Now that we have our estimate \widehat{\beta}, we can do prediction. If we are given a new value x' \in \mathbb{R}^d we would use x'^T\widehat{\beta} to predict the corresponding value of y'. This was how the straight lines in the two animations were calculated.

We can also calculate the model’s predicted values for the data x_i that we used to fit the model. These are denoted by \widehat{y}. Note that

\widehat{y} = X\widehat{\beta} = X(X^TX)^{-1}X^Ty = Hy,

where H = X(X^TX)^{-1}X^T is called the hat matrix for the model (since it puts the hat \widehat{ } on y.

Leverage scores

We are now ready to talk about leverage scores and the two animations. For reference, here they are again:

In both animations the stationary line corresponds to an estimator \widehat{\beta} that was calculated using only the black data points. The red points are new data points with different x values and varying y values. The moving line corresponds to an estimator \widehat{\beta} calculated using the red data point as well as all the black points. We can see immediately that if the red point is far away from the “bulk” of the other x points, then the moving line is a lot more sensitive to the y value of the red point.
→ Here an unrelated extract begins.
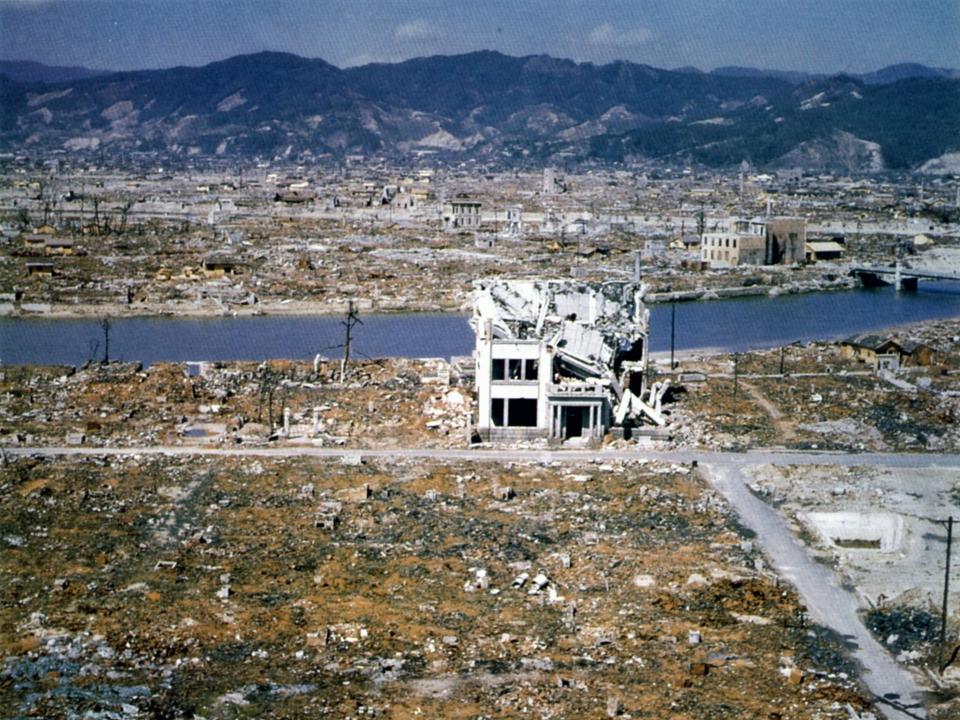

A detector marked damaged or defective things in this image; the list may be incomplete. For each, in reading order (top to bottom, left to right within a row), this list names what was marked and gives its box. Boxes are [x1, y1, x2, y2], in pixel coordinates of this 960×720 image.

bomb-damaged structure [470, 278, 668, 442]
The leverage score of a data point (x_i,y_i) is defined to be \frac{\partial \widehat{y}_i}{\partial y_i}. That is, the leverage score tells us how much does the prediction \widehat{y}_i change if we change y_i.
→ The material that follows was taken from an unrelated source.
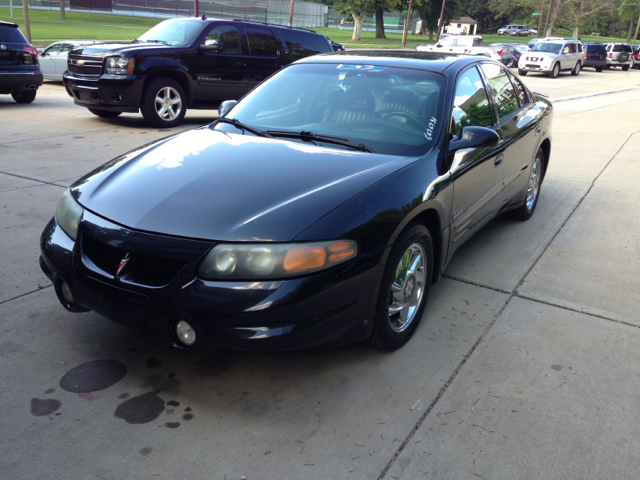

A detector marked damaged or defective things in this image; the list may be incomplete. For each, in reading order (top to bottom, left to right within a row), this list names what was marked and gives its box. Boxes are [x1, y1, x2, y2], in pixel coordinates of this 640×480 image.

Since \widehat{y} = Hy, the leverage score of (x_i,y_i) is H_{ii}, the i^{th} diagonal element of the hat matrix H. The idea is that if a data point (x_i,y_i) has a large leverage score, then the model is more sensitive to changes in that value of y_i.

This can be seen in a leave one out calculation. This calculation tells us what we should expect if we make a leave-one-out model – a model that uses all the data points apart from one. In our animations, this corresponds to the stationary line.
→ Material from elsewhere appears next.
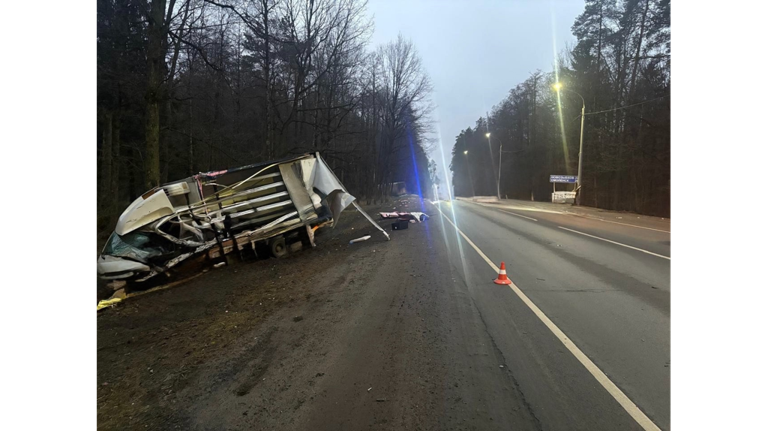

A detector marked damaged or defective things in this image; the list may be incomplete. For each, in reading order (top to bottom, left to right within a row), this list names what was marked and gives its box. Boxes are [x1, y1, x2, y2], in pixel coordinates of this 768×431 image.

The leave one out calculation says that the predicted value using all the data is always between the true value and the predicted value from the leave-one-out model. In our animations this can be seen by noting that the moving line (the full model) is always between the red point (the true value) and the stationary line (the leave-one-out model).

Furthermore the leverage score tells us exactly how close the predicted value is to the true value. We can see that the moving line is much closer to the red dot in the high leverage example on the right than the low leverage example on the left.

Mahalanobis distance

We now know that the two animations are showing the sensitivity of a model to two different data points. We know that a model is more sensitive to point with high leverage than to points with low leverage. We still haven’t spoken about why some point have higher leverage and why the point on the right has higher leverage.

It turns out that leverage score are measuring how far away a data point is from the “bulk” of the other x_i‘s. More specifically in a one dimensional example like what we have in the animations

H_{ii} = \frac{1}{n}\left(\frac{1}{S^2}(x_i-\bar{x})^2+1\right),

where n is the number of data points, \bar{x} = \frac{1}{n}\sum_{j=1}^n x_j is the sample mean and S^2 = \frac{1}{n}\sum_{j=1}^n (x_j-\bar{x})^2 is the sample variance. Thus high leverage scores correspond to points that are far away from the centre of our data x_i. In higher dimensions a similar result holds if we measure distance using Mahalanobis distance.

The mean of the black data points is approximately 2 and so we can now see why the second point has higher leverage. The two animations were made in Geogebra. You can play around with them here and here.